Sammanfattning: At the moment of writing, an expansion of the Swedish railway network has started, by constructions of new lines for high-speed trains. The aim is to create a high-speed connection between the most populous cities in Sweden - Stockholm, Göteborg and Malmö, and the rest of Europe. Thereby, the likelihood of faster, longer and heavier foreign trains crossing the Swedish lines is increased. However, this could be problematic since the dynamic response in railway bridges and, consequently, the risk of resonance increases with increasing train speeds.Bridges are usually designed based on contemporary conditions and future requirements are rarely considered, due to e.g. cost issues. Prospectively, the dynamic performance of existing bridges may become insufficient. Hence, the current expansion of the high-speed railway network results in an increased demand of innovative design solutions for new bridges and cost-efficient upgrading methods for existing lines.The aim of the present thesis is to propose a vibration mitigation strategy suitable for new and existing high-speed railway bridges.
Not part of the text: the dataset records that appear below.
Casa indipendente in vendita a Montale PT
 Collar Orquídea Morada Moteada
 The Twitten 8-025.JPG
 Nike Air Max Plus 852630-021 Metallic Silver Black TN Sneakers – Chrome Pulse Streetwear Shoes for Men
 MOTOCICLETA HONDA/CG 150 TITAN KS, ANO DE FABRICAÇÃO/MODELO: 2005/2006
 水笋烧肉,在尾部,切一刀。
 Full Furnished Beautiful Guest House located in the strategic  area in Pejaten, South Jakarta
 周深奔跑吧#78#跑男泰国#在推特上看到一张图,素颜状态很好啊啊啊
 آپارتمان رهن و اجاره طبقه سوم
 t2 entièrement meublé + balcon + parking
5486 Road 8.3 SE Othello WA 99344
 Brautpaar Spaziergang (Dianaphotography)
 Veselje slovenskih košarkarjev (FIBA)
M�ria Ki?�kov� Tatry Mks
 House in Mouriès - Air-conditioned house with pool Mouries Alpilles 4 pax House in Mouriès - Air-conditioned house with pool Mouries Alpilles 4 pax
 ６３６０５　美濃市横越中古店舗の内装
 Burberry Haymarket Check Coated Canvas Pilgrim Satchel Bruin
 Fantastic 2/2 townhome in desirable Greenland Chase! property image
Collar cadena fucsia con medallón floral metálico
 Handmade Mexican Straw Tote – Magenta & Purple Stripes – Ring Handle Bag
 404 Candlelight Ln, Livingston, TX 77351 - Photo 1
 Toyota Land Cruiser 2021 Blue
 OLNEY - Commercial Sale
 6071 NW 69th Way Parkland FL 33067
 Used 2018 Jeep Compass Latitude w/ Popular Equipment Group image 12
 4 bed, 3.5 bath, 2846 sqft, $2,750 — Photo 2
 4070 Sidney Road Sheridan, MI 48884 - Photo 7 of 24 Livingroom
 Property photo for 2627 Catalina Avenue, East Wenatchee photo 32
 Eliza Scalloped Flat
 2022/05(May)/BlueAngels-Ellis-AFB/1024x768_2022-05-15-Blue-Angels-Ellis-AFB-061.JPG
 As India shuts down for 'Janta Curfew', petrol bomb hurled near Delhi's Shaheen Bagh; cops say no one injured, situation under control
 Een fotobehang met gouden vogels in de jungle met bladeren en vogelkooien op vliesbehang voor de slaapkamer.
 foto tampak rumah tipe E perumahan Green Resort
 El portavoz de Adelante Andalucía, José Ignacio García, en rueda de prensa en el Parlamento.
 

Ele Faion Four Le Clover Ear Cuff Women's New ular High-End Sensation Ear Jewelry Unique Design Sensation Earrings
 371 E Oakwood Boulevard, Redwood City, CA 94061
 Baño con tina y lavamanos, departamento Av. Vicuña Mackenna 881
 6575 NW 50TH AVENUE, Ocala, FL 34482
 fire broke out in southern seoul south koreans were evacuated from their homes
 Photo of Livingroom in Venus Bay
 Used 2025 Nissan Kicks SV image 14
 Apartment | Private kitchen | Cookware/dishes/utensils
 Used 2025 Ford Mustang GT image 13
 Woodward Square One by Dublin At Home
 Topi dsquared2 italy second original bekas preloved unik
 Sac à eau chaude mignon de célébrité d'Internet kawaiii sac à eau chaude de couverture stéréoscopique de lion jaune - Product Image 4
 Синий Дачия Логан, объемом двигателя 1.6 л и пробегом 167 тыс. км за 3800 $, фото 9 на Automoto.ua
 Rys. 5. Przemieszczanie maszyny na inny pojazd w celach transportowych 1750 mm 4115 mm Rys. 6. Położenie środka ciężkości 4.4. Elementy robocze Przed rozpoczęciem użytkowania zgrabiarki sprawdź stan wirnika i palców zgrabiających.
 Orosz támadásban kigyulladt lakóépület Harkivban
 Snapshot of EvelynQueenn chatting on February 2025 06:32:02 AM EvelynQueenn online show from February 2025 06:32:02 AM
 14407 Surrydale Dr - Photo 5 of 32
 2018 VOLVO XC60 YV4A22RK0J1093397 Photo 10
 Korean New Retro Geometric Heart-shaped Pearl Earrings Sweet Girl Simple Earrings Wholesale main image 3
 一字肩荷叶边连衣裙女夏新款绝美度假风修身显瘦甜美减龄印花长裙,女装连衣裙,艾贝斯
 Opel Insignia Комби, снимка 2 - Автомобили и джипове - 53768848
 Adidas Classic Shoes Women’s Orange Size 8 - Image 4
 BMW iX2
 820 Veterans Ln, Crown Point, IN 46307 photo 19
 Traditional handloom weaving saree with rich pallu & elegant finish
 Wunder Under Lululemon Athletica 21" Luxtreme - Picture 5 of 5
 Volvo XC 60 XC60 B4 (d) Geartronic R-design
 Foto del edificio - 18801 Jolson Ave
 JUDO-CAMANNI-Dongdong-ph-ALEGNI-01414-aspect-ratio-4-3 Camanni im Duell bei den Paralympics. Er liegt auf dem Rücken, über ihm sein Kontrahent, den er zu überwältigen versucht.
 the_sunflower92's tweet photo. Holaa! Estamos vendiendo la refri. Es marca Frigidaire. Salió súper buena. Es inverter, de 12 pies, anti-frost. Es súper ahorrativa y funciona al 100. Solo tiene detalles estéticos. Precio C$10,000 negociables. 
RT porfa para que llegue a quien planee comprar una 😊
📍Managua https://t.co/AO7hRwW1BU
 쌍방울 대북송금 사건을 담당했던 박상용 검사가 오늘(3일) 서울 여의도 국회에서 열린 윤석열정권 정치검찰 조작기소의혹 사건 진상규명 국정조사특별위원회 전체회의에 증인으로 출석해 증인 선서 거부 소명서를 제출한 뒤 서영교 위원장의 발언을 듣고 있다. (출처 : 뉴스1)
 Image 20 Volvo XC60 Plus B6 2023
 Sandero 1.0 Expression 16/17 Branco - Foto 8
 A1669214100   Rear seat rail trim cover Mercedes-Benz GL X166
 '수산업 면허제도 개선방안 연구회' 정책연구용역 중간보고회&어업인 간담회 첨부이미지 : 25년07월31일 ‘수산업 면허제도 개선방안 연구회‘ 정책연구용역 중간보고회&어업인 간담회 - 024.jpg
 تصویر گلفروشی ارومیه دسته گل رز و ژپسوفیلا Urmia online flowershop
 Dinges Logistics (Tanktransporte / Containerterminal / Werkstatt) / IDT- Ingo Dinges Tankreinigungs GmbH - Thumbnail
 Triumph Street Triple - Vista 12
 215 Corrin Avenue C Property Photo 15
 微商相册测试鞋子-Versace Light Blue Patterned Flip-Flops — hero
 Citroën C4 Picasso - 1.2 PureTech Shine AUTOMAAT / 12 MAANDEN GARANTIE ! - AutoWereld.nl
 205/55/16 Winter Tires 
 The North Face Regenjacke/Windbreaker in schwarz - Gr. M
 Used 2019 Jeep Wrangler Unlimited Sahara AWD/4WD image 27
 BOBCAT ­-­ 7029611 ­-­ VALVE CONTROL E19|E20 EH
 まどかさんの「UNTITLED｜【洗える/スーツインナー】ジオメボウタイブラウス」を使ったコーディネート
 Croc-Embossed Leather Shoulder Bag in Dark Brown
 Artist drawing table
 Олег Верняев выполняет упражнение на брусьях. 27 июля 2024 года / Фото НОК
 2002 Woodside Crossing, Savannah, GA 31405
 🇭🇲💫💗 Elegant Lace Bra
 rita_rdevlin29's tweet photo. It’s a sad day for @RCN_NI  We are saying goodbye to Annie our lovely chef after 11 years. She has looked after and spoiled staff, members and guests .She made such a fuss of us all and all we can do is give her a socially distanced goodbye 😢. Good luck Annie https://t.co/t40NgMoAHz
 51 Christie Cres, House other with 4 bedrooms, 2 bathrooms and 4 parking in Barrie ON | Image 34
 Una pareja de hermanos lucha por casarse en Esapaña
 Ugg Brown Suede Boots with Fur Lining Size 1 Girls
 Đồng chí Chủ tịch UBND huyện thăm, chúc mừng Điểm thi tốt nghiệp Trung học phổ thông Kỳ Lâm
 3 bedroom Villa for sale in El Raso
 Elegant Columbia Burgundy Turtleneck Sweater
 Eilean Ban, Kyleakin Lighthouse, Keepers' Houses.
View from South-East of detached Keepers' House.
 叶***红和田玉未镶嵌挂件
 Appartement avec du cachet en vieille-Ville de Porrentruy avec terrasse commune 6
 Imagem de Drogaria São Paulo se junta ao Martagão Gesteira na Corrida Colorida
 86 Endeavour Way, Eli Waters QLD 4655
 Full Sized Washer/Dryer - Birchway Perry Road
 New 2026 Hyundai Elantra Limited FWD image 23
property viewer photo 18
The main focus is a retrofit method with fluid viscous dampers installed between the bridge superstructure and the supports, which is intended to reduce the vertical bridge deck acceleration below the European design code limits. Furthermore, the intention is to investigate the efficiency of such a system, as well as to identify and analyse the parameters and uncertainties which could influence its functionality.In order to examine the applicability of the proposed retrofit, case studies, statistical screenings and sensitivity analyses are performed and analysed. Two different models, a single-degree-of-freedom system and a finite element model, are developed and compared. From the different models, it is possible to study the influence from the damper parameters, the variability of the material properties and different modelling aspects on the bridge response. After the installation of the fluid viscous dampers, it is found that the acceleration level of the bridge deck is significantly reduced, even below the design code requirements.